「スマートフォンの未来が見える」――KDDI、MS、富士通東芝がIS12Tに込めた思い
7月27日に世界に先駆けて登場したWindows Phone 7.5と、それを搭載した新端末「Windows Phone IS12T」の発表会で、KDDI 代表取締役社長の田中孝司氏、日本マイクロソフト 代表執行役 社長の樋口泰行氏、富士通東芝 代表取締役社長の大谷信雄氏がそれぞれの思いを語った。

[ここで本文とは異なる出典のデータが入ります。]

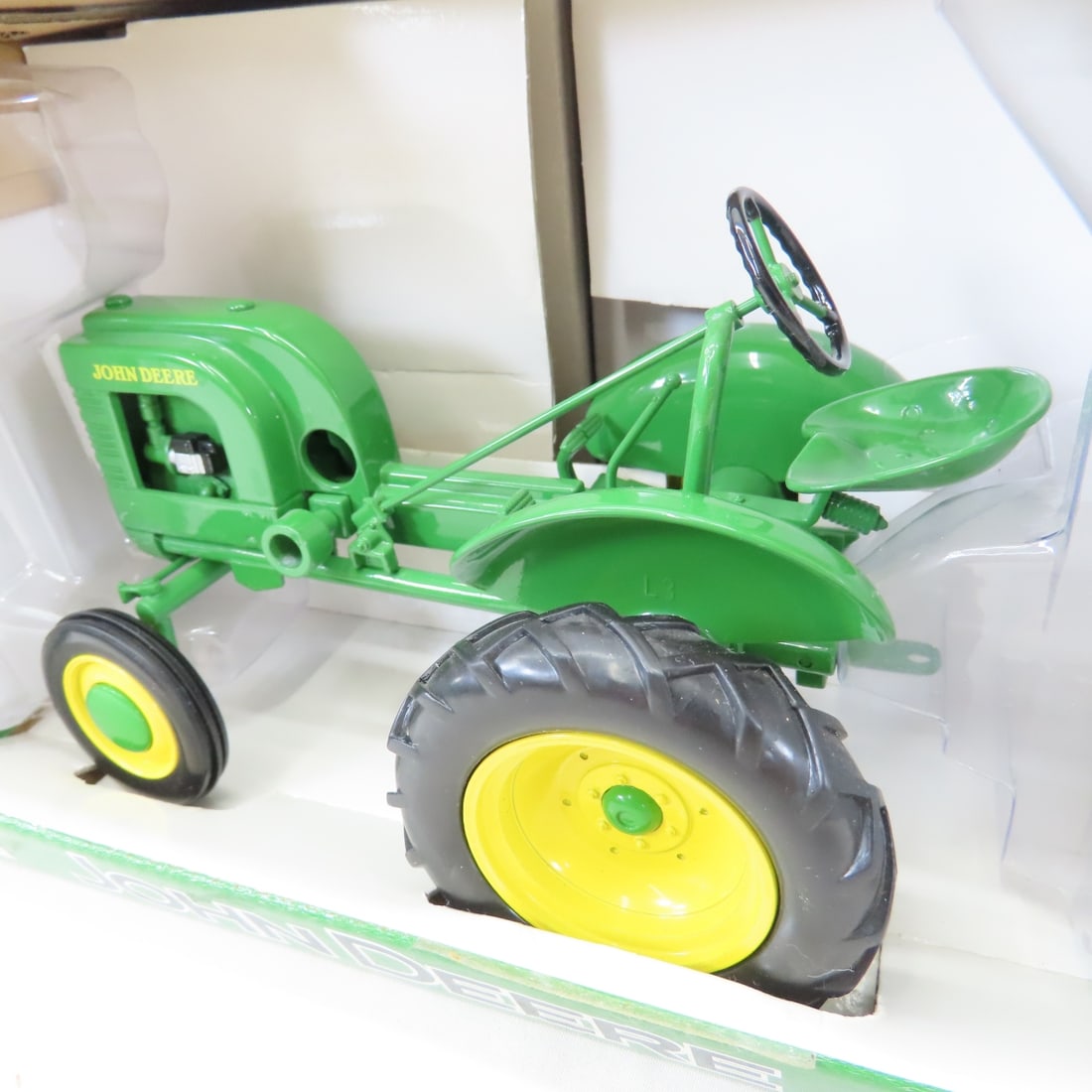 SpecCast 1:16 John Deere "L" & Lindeman Crawler - 10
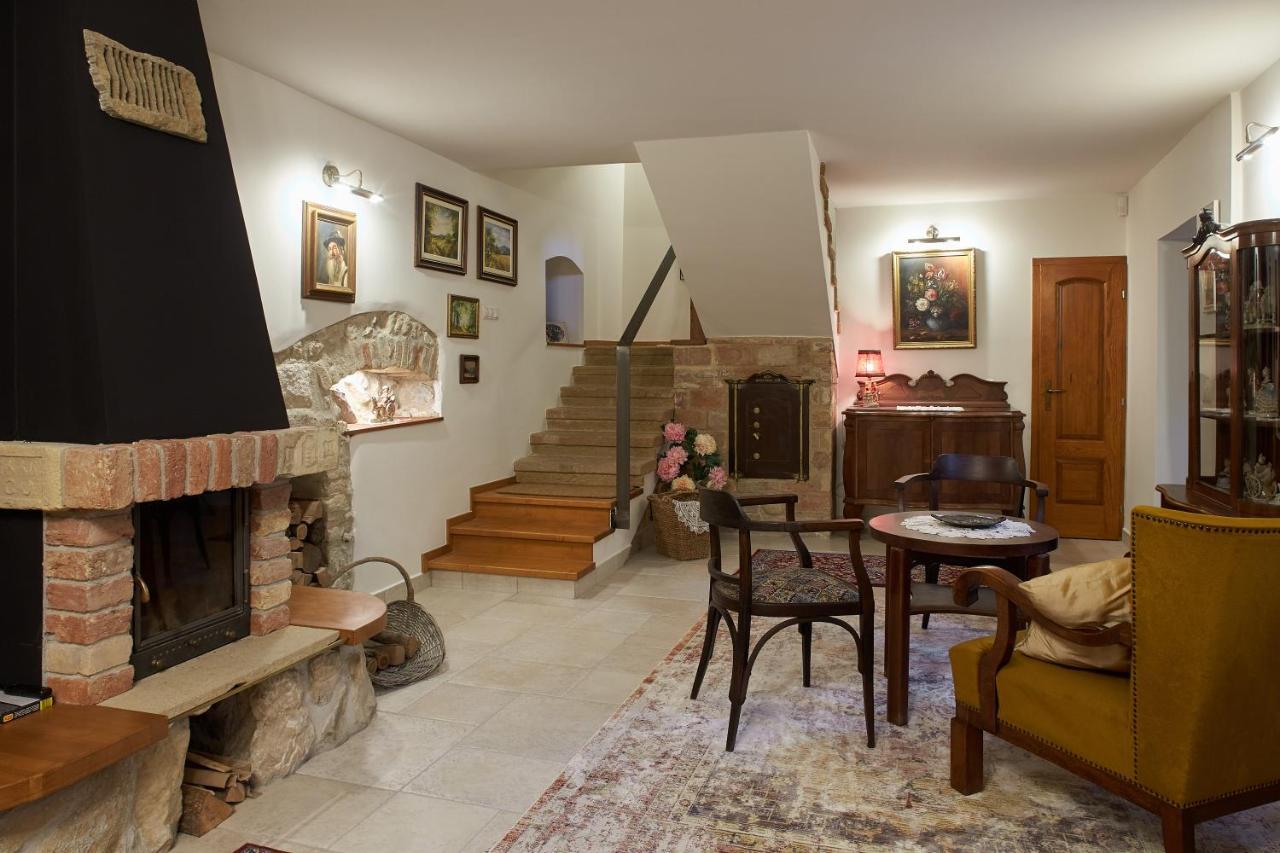 Babaház Apartment Pecs Bagian luar foto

KDDIが7月27日、世界で初めてのWindows Phone 7.5搭載スマートフォン「Windows Phone IS12T」を発表した。発売は9月以降を予定している。端末の製造を担当するのは、東芝の携帯電話事業部門を母体とする、富士通東芝モバイルコミュニケーションズ(以下富士通東芝)。KDDI、日本マイクロソフト、富士通東芝の3社による共同新商品発表会では、KDDI 代表取締役社長の田中孝司氏、日本マイクロソフト 代表執行役 社長の樋口泰行氏、富士通東芝の代表取締役社長 大谷信雄氏が登壇し、それぞれが新たなプラットフォームWindows Phone 7.5にかける思いを語った。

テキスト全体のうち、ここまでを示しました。